[Opening Material for the task section]

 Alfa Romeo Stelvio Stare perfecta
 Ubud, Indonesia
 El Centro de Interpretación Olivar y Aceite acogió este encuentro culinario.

[Closing Material for the task section]
[Opening Material for the task section]

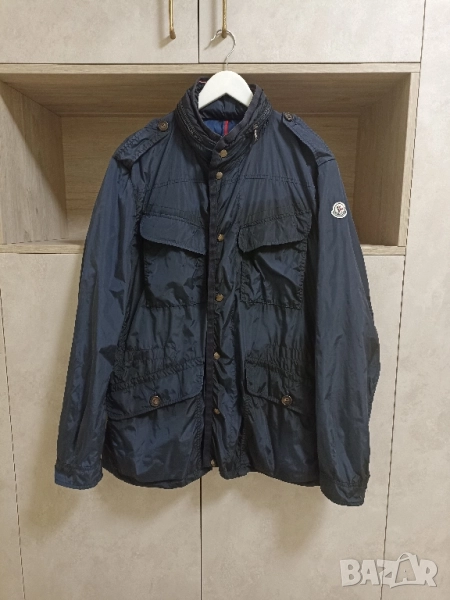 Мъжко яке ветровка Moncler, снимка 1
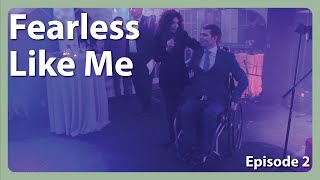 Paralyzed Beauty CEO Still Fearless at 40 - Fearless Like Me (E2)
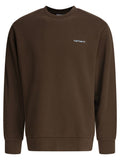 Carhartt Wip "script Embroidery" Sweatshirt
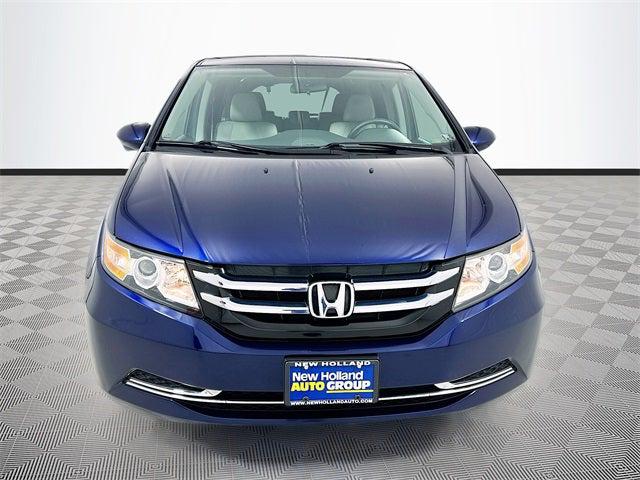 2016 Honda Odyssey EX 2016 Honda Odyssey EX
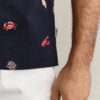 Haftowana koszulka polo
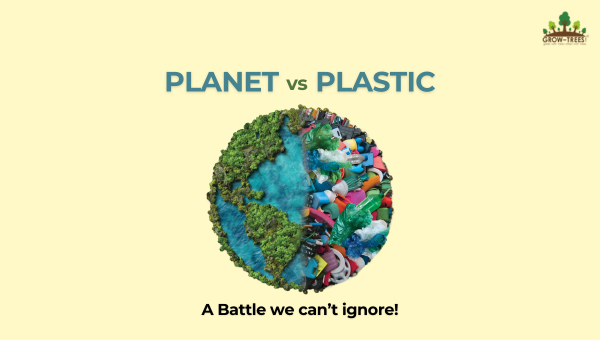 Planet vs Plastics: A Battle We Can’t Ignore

[Closing Material for the task section]
[Opening Material for the task section]

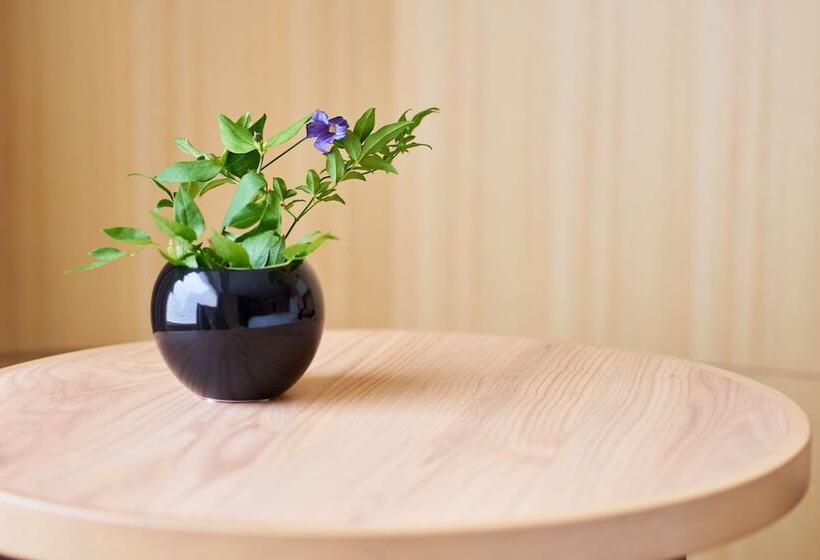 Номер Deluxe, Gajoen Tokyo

[Closing Material for the task section]

Your assignment.
Reprint exactly the lines above that start at the one with "Alfa Romeo Stelvio Stare perfecta" and end at the one with "El Centro de", keeping both and adding none.

Result of this exercise.
 Alfa Romeo Stelvio Stare perfecta
 Ubud, Indonesia
 El Centro de Interpretación Olivar y Aceite acogió este encuentro culinario.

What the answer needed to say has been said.